Let’s put this into context by comparing the change in scale to changing how we measure temperature. Let’s say we have long accepted the Fahrenheit scale for measuring temperature and let’s say (for arguments sake) that we have adopted a standard that 65 degrees Fahrenheit qualifies a day as being “warm.” (Yes, it’s unlikely we would make any such foolish determination because we understand that 64 and 66 degrees may not really feel all that different… because it isn’t!).

One day, a new mandate comes down making the Celsius scale the new standard. Along with that, those making the rules determine that the cut-score for a warm day shall now be 20 degrees Celsius. We wake up on that day to see that it’s only 18.33 degrees (Celsius) outside, so we layer up to face the elements, not totally getting the change in temperature scale. We are also told by our trusted weather-person that it’s not quite warm out there (heck, it’s not even 20 degrees!). But yesterday, it was 65 degrees, officially “warm” and quite pleasant. Strangely, when we get outside all layered up, it feels a lot like yesterday. And then we whip out our trusty iPhone conversion app to realize that 18.33 Celsius is 65 Fahrenheit. Nothing has changed with the actual weather. What has changed is the scale by which we measure it, and cut points we have assigned to determine what’s “warm” and what isn’t. Of course, temperature is temperature and the conversion of one scale to another, when measuring temperature is rather precise.

So then, how closely related are ASK and PARCC scores, when taken across all New Jersey Schools and are they sufficiently correlated that we can consider them to be largely the same, and can use that sameness to determine the conversion calculation from one to the other?

Table 1 summarizes the cross school correlations a) between ASK scores in 2013 and 2014 and between ASK and PARCC scores in 2015 and 2016. We include the previous year ASK to ASK correlation to point out that even when correlating the same test year over year, the correlation is not a perfect 1.0. But it is rather strong at around .90 for most grade levels. That is, if we know where a school falls in the distribution of ASK scale scores in one year, we can be pretty certain where that same school falls the following year on the same test. If your average was 200 last year on grade 3 math, it’s likely to be close to 200 this year.

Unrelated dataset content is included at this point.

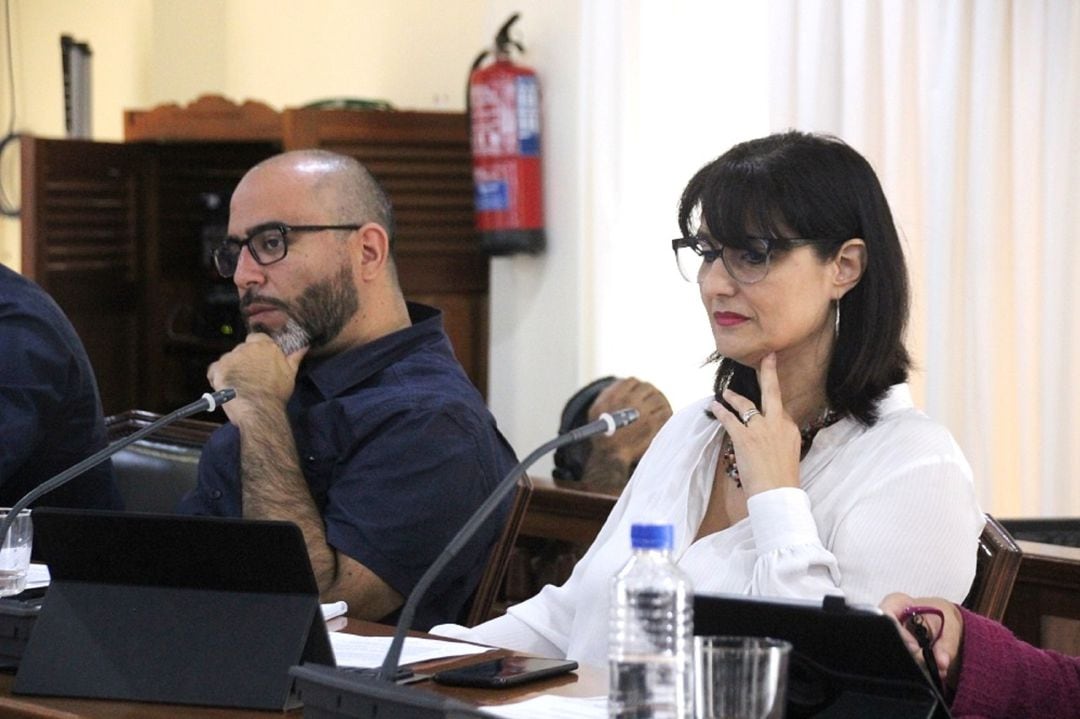 Leandro Delgado y Leticia Padilla, concejales de Lanzarote en Pie- Sí Podemos en un Pleno en Arrecife.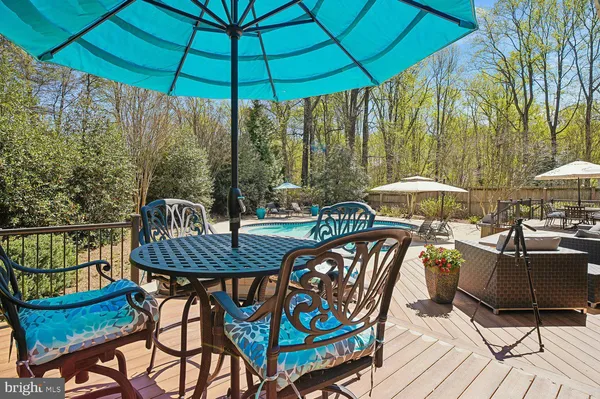 $2,200,000 | 5 Belleview Drive, Severna Park, MD 21146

Interestingly (though hardly surprising), the ASK to PARCC correlation is nearly the same for most tests. The biggest departure is for the 8th grade math assessment, in part because many students at the high end of the ASK distribution are no longer in the PARCC general math distribution (as they take the Algebra assessment instead). Put simply, PARCC is essentially STATISTICALLY EQUIVALENT TO NJASK – just on a different scale. Results on PARCC correlate as nearly to 1:1 with ASK as ASK did with itself in previous years!

Table 1

Cross School, Year over Year Correlations

ASK – ASK (2013-2014) ASK-PARCC (2014-2015)
Grade Level ELA Math ELA Math
Grade 3 0.908 0.884 0.879 0.856
Grade 4 0.918 0.884 0.899 0.883
Grade 5 0.925 0.907 0.902 0.886
Grade 6 0.947 0.920 0.897 0.907
Grade 7 0.957 0.929 0.903 0.899
Grade 8 0.954 0.928 0.866 0.587


How much does a PARCC proficiency cut score requirement of 750 raise (or lower) the bar when compared to an ASK proficiency cut score of 200?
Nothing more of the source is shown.